The Swedes are officially gone. I’m happy to report they had a great time in Seattle and the Pacific Northwest during their week long visit. After they left Seattle last week I sent them to Port Angeles for a couple nights so they could explore Olympic National Park. Olympic National Park is one of my favorite places to unwind in the state of Washington which is why I sent them there. I then suggested they visit Victoria, British Columbia, which they did. I’m very jealous because they took one of those wicked whale watching cruises and saw a few pods of whales. I’ve only seen a couple whales in my entire life so I’m naturally a tad jealous. While in Hawaii last year, a mom humpback and her baby breached right by our boat, truly an incredible sight.
The Swedes wrapped up their trip by crossing over the Cascade Mountains which divide the state of Washington into East & West, passing through the North Cascades National Park. This is one of the least visited national parks in the lower 48 states for some reason. Mt. Rainier and Olympic National Park are huge draws and have easier access. I’ve spent some time in the North Cascades National Park and it’s beautiful. It’s a very desolate place with emerald green lakes and tremendous access to the wild and that’s the way I like it. Well worth a visit if you ever happen to make it to Seattle.
Back to the Swedes though. They arrived back in Seattle last night and head to Chicago for a couple days and then board a plane destined for the mothership. I chatted with them about their Seattle adventures and they were very gracious of the recommendations I provided. Things went really well for them and had no hangups or problems while crossing the US-Canada border. We relieved their adventures and they
All of this travel talk makes me get back to my roots. I studied forestry in college because I really love the outdoors. In fact I love them so much I got a cute degree in Forest Resource Management. How do you like them apples? Sounds lovely eh? So you ask, what are you doing with that degree young man? I will be completely honest and say nothing. I chose forestry because I love being out in the woods and seeing nature first hand. I’m a very visual learner so studying trees was a natural, plus I hid in the woods when I was a bad boy for about five years of my childhood (ages 9-14).
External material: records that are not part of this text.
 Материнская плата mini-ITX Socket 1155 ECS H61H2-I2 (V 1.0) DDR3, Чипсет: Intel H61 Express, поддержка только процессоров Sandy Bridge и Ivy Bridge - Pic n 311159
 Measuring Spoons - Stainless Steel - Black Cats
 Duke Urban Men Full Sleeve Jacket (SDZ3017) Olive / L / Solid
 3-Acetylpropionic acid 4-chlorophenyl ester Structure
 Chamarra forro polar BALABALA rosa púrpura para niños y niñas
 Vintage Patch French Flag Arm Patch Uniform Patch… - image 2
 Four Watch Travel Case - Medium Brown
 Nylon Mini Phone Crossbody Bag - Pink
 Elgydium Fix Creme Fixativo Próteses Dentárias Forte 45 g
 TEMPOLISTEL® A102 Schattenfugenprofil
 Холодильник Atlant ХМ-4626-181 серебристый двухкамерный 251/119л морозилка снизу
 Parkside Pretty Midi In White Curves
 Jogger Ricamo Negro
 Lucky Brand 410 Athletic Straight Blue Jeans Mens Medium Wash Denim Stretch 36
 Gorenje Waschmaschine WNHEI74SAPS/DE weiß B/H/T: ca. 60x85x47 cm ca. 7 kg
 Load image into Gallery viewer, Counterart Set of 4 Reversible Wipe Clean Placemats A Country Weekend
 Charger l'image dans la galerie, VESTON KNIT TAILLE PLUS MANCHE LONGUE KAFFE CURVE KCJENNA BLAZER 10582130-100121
Recently I’ve had discussions with people about careers and it’s abundantly clear I’ve got a career shift in the making. Last Friday night I discussed teaching with a woman at a party. She gave me tons of great information, including her digits, about schools, teaching, qualifications, curriculum, etc. She graciously invited me to stop by her school in downtown Seattle to see what I think. On the drive home from that party I was all hopped up chatting about the school. I pulled in the driveway and my wife says "you didn’t stop talking the entire way home". As much as it pained me to admit this, it was true. I must listen to my heart and see where it leads me career wise since professional blogging seems more like a pipe dream than a reality.